Explicou ainda que, "perante as denúncias, a 01-04-2022 foi instaurado um processo de inquérito pela IGEC. Concluído o processo de inquérito, com a existência de fortes indícios da prática de infração disciplinar/criminal, foi instaurado à trabalhadora um processo disciplinar e foi feita participação crime ao Ministério Público competente, com o conhecimento do inquérito à DGAE e DGEstE, para os devidos efeitos".

E como chegou o MECI ao valor de €348.563,70, que considera "ilícitos"? Durante toda a sua carreira o "valor da remuneração processada à trabalhadora (...) foi no total de 970.895,09 €", no entanto, o Estado apenas pede o valor calculado "de abril de 2003 a março de 2023 (últimos 20 anos)" de 348.563,70 €.

Março de 2023 é a data do despacho do ministro da Educação que determina a demissão da professora e a devolução do dinheiro. Mas não só. O prazo ordinário de prescrição previsto no art.° 309° do Código Civil é de 20 anos.

E foi essa a conta feita, segundo o recurso apresentado no Tribunal Central Administrativo Sul. "A quantia, cuja devolução aos cofres do Estado, é imposta à A./Recorrida, resulta das verbas indevidamente e ilegitimamente recebidas, pela conduta que adotou, nos últimos vinte anos, que é o prazo ordinário de prescrição previsto no art. 309° do Código Civil, que aqui se aplica tendo em conta que decorre do processo disciplinar, claramente, que desde que A./Recorrida ingressou nos quadros da carreira docente e aí progrediu subindo de escalões, se estabeleceu uma relação laboral sinalagmática entre a mesma e a Administração Pública em que se exige o cumprimento de obrigações mútuas pautadas pela boa-fé."

Professora passou por quatro escolas

Paula Pinto Pereira passou por quatro escolas nacionais. A primeira foi a Escola Preparatória do Entroncamento, Santarém, (atuais EB). Esta foi a porta de entrada no ensino como professora de substituição, por apenas dois meses, “de uma docente em licença de maternidade. Entrou na categoria de professora provisória, para o 4.° Grupo”, lê-se no acórdão a que a CNN Portugal teve acesso. Era o ano letivo de 1986/1987. No ano seguinte, assina contrato com a Escola Secundária do Entroncamento, inicialmente para 21 horas que em pouco tempo se transformaram em horário completo.

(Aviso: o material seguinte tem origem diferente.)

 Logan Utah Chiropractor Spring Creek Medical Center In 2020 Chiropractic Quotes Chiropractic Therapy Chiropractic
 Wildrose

Em 1988/1989 chega à Escola Secundária do Barreiro (que entretanto mudou de nome), para depois seguir para a Secundária Daniel Sampaio, na Sobreda da Caparica, ambas na Margem Sul, onde esteve até ser descoberto que não tinha as habilitações necessárias para a função de docente.

Com certificados de habilitações falsificados, Paula Pinto Pereira conseguiu passar aos quadros definitivos da carreira docente em 2003 e posicionar-se no 10.º escalão, o mais alto e com o vencimento mais alto da carreira de professor, ou seja, nessa altura esta professora sem habilitações já recebia mais de 2 mil euros líquidos por mês.

Mas também escreveu manuais de Matemática, livros que ainda são usados em diversas escolas por alunos dos 10.º, 11.º e 12.º anos.

Paula Pinto Pereira dizia ter um mestrado em Cambridge, uma das universidades mais reputadas do mundo, e um doutoramento na Madeira. Tudo sem sair da Sobreda, no concelho de Almada, onde a docente passou grande parte da carreira e fazia a sua vida.